Gladys Saqui (1884-1919), Australian-born dancer, as she appeared as Nicee in the pantomime Aladdin, produced at the Grand Theatre, Leeds, at Christmas 1907. The principal parts in this production were played by Constance Hyem (Aladdin), Nell Emerald (Brigette), Frank Danby (Widow Trankey) and J.F. McArdle (Abanazar). The cast also included Hebe Bliss, G.H. Elliott and Olive Crellin.

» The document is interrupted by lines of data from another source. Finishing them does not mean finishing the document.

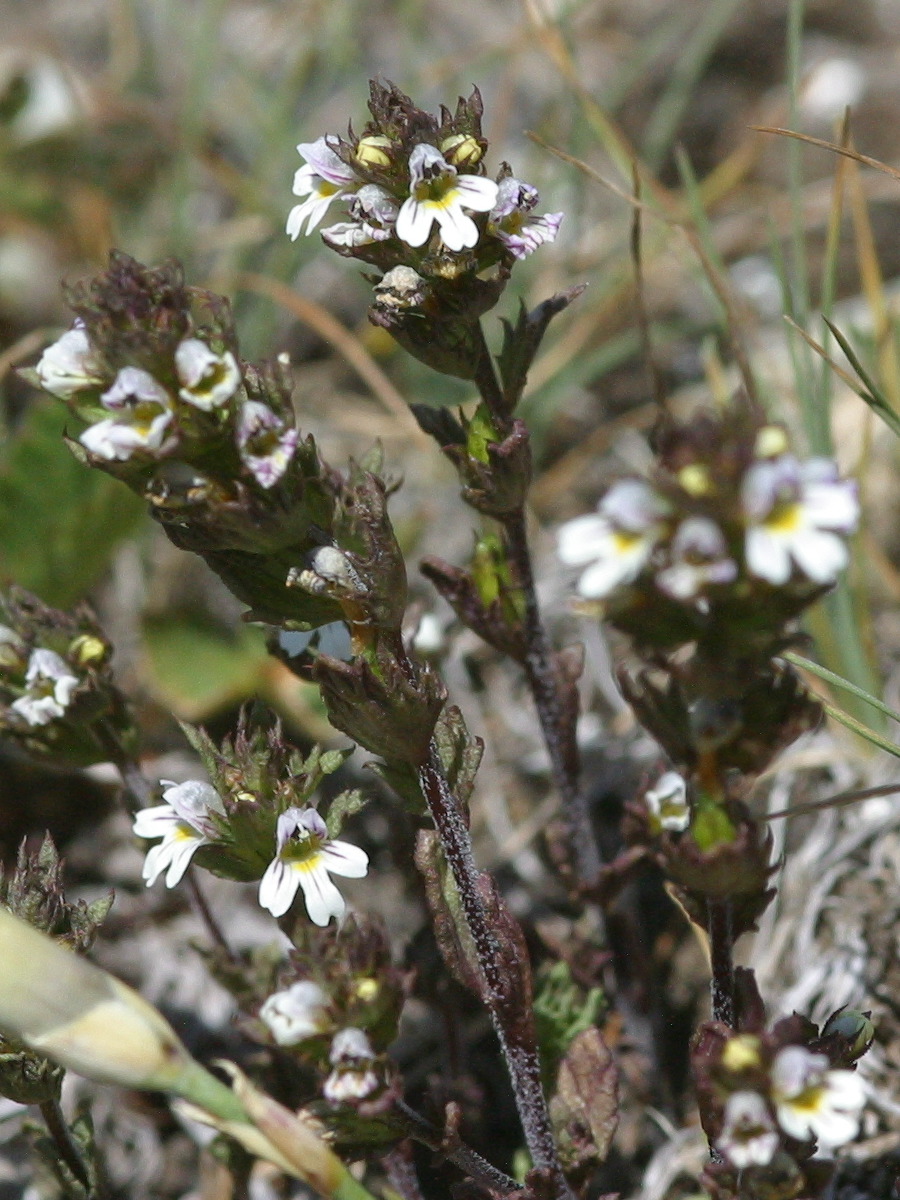 Afficher le média Euphrasia_officinalis rostkoviana Euphrasia_officinalis rostkoviana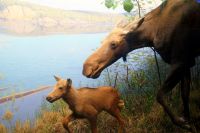 90 Visitor Center Algonquin Park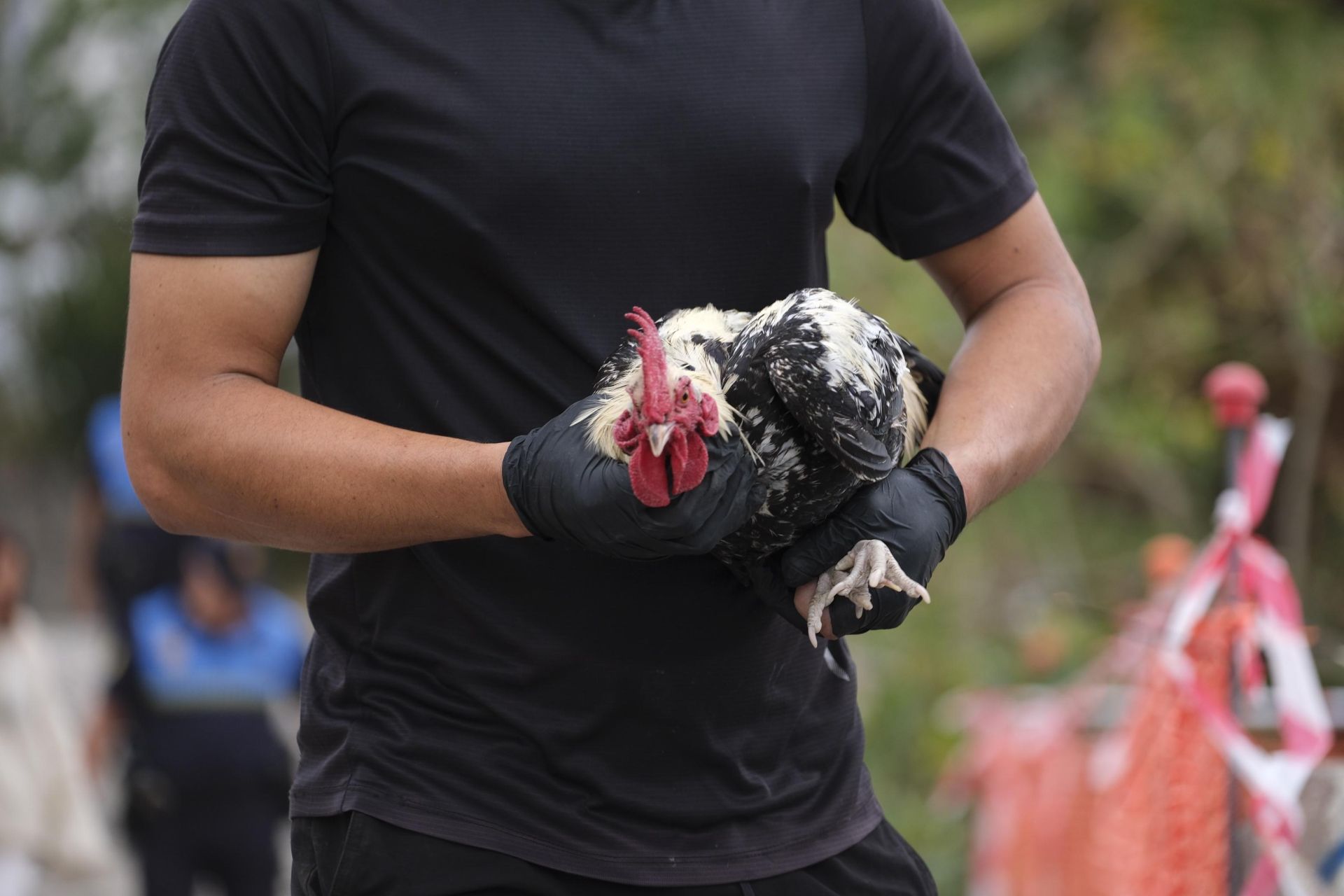 Así fue la retirada de gallos y gallinas de La Paterna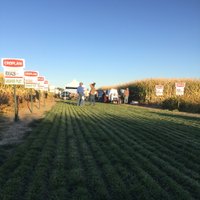 Curt Droogsma (@bigskyseedguy) 's Twitter Profile Photo Curt Droogsma (@bigskyseedguy) 's Twitter Profile Photo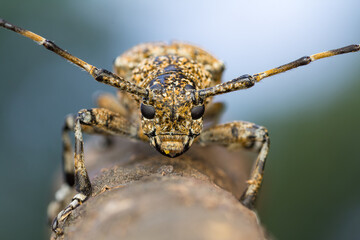 A dramatic macro photograph of a speckled longhorn beetle (genus Coptops) perched on a piece of forest debris. 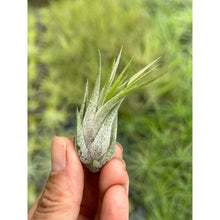 T. kolbii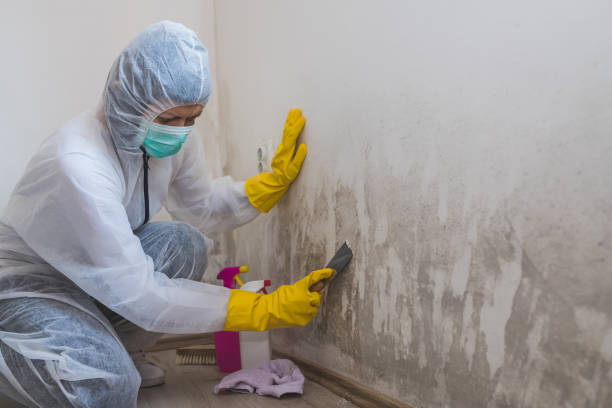 Best Fast Mold Removal  in Rock Hill, NY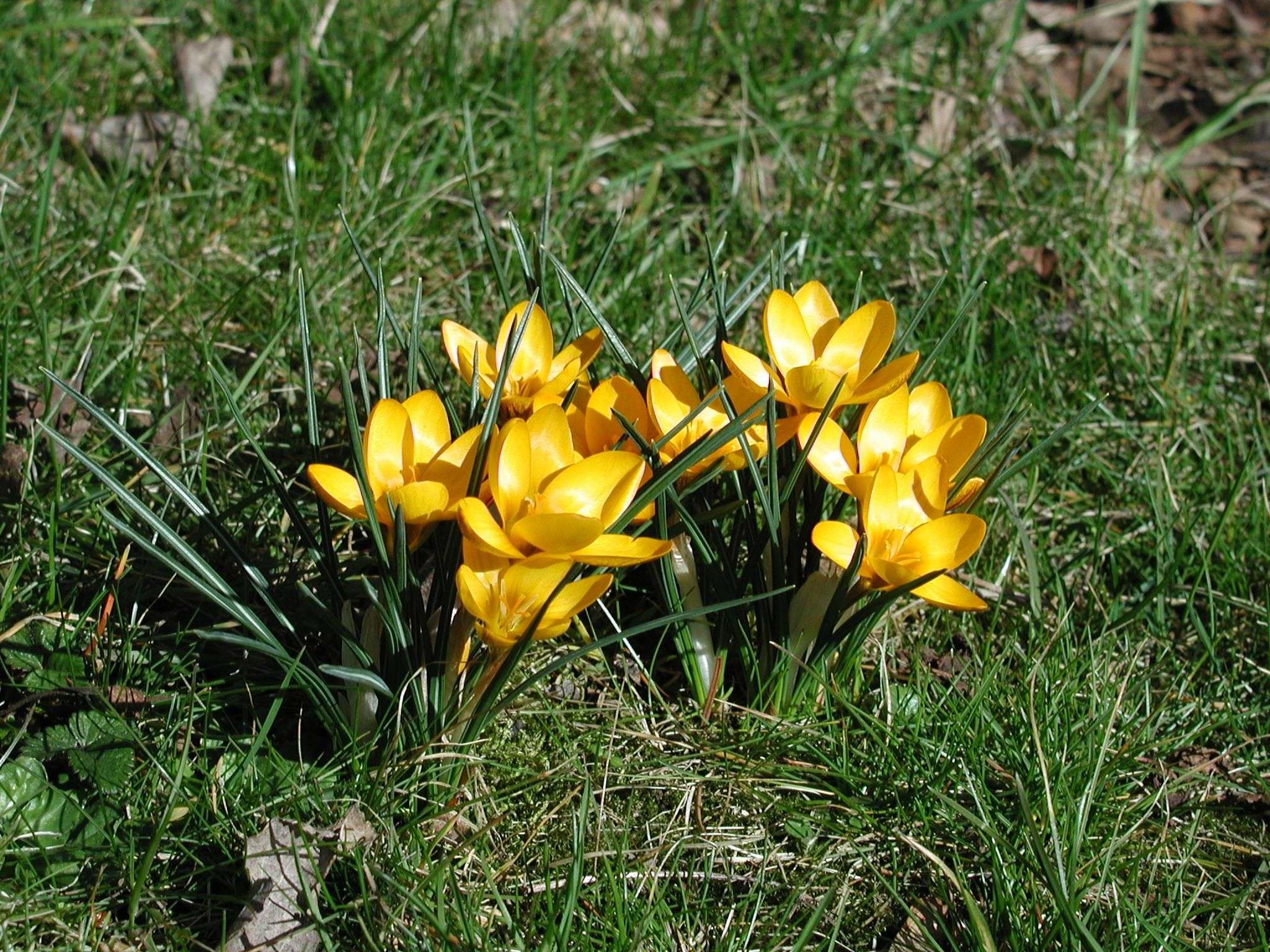 Fonds d'cran Nature Fleurs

(photo; J. Garratt, Leeds, 1907)

Gladys Mignon Saqui was born in Australia in 1884, one of the children of John ‘Jack’ Isaac Saqui (1855-1916), a cigar manufacturer and bookmaker, and his wife Esther (Stella) (née Barnett, 1852?-1946), who were both born in London’s East End and married in 1878. Two of Gladys’s sisters, Maie (1880-1907) and Hazel (1887-1975) were also actresses; the former was married in 1903 as his first wife to Arthur Hope Travers (1875-1938), a Grenadier Guardsman, and the latter was married in 1908 to the well-known actor manager, Nelson Keys (1886-1939). Maie and Gladys Saqui made professional appearances in their native Australia and once in England all three sisters were sometime under contract to George Edwardes. Maie first appeared in London in The Geisha (Daly’s Theatre, 25 April 1896 – 28 May 1898) towards the end of its run. Gladys Saqui appeared on tour and also as a dancer in The New Aladdin (Gaiety Theatre, London, 29 September 1907) and The Belle of Britanny (Queen’s Theatre, London, 24 October 1908).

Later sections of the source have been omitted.